GPU Acceleration of VASP

GPU Acceleration of VASP using Volta nodes on NUS HPC

Xie Weihang, Canepa Research Group https://caneparesearch.org, Department of Materials Science and Engineering, College of Design and Engineering

Introduction

The Vienna Ab initio Simulation Package (VASP) is a well-known and largely used software package for performing DFT calculations. VASP requires a significant amount of computing resources and was ranked top 5 used applications on NSCC (National Supercomputing Centre) in terms of CPU hours. Starting from version 6.2.0, VASP is officially capable of acceleration by GPU through the OpenACC port. Since the FP64 performance of V100 (7.8TFLOPS) on HPC@NUS is very strong compared to CPU (3.7TFLOPS for currently fastest CPU 64-cores EPYC7763), it is expected that GPU can be a good accelerator.

Container

Enabling the OpenACC acceleration on VASP requires NVHPC compiler suite (previously PGI) which contains a full stack of compilers (C, C++, Fortran, MPI, etc.). Both NVHPC and VASP are actively updated and extremely picky on the environment. Therefore, using singularity containers appears to be a more straightforward way to deal with dependencies and version control. You can start creating and using containers in NUS IT’s HPC environment by following the information round here: https://nusit.nus.edu.sg/technus/running-hpc-ai-applications-in-containers/. You can also find officially built NVHPC containers here by Nvidia: https://catalog.ngc.nvidia.com/orgs/nvidia/containers/nvhpc. NVHPC contains almost every library that is required by VASP, except the Fast Fourier Transform library, which necessitates a separate installation of either FFTW or Intel MKL.

# FFTW

tar -xzvf fftw-3.3.10.tar.gz

cd fftw-3.3.10

CC=mpicc CXX=mpicxx FC=mpifort ./configure --enable-openmp --enable-mpi --prefix=/opt/fftw

make -j32

make install

My attempt started with NVHPC 20.9 and ended with version – NVHPC 22.3. Indeed, there is an unknown “best match” between a specific VASP version and the NVHPC version that leads to the best performance. NVHPC 20.9 is the last version that supports CPU threading management by Intel OpenMP (which is much easier to handle compared with the OpenMP in the newer version), while the latest NVHPC 22.3 has CUDA 11.6 (which is faster than CUDA 11.0 in NVHPC 20.9). Another crucial metric to consider is the numerical accuracy of a compiled version of VASP in various environments. Old compiler suites may be slower but are typically well tested and validated, whereas new compiler suites may contain unknown bugs. For example, any OpenMP threading in NVHPC 22.2 will cause VASP to be stuck immediately after initialization.

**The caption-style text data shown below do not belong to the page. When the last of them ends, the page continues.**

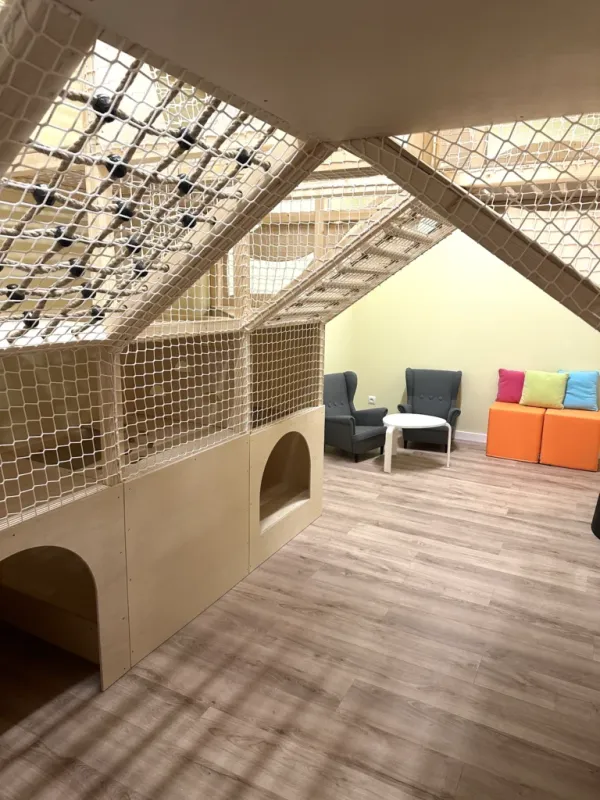 Kluboksięgarnia i sala zabaw Tęczowa Sowa - urodziny i zajęcia dla dzieci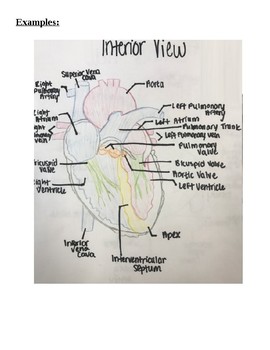 Drawing And Labeling Parts Of The Human Heart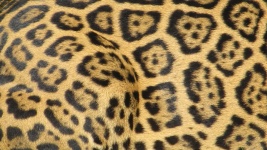 Jaguar Skin Pattern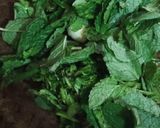 A picture of step 2 of Mint chutney/ green chutney.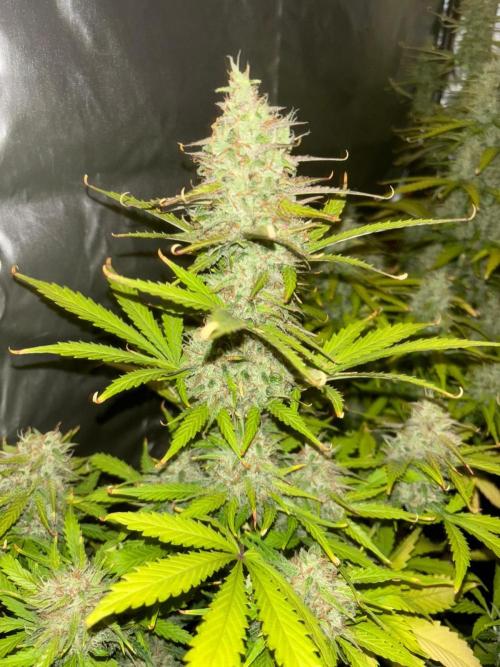 Critical XXL Auto GB. Week 8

After successfully building the container, the submit script looks like (you need to modify some variables here):

#!/bin/bash

#PBS -P volta_pilot
#PBS -j oe
#PBS -N volta_gputest
#PBS -q volta_gpu
#PBS -l select=1:ncpus=5:mem=35gb:ngpus=1
#PBS -l walltime=72:00:00

export CONTAINER_PATH=YOUR_CONTAINER_PATH

singularity exec ${CONTAINER_PATH} mpirun -n 1 vasp_std

Since V100 GPU has only 32GB of video memory, VASP generally can only occupy as much as 32 GB of memory. Thus, OpenACC VASP cannot deal with systems as large as pure CPU VASP is.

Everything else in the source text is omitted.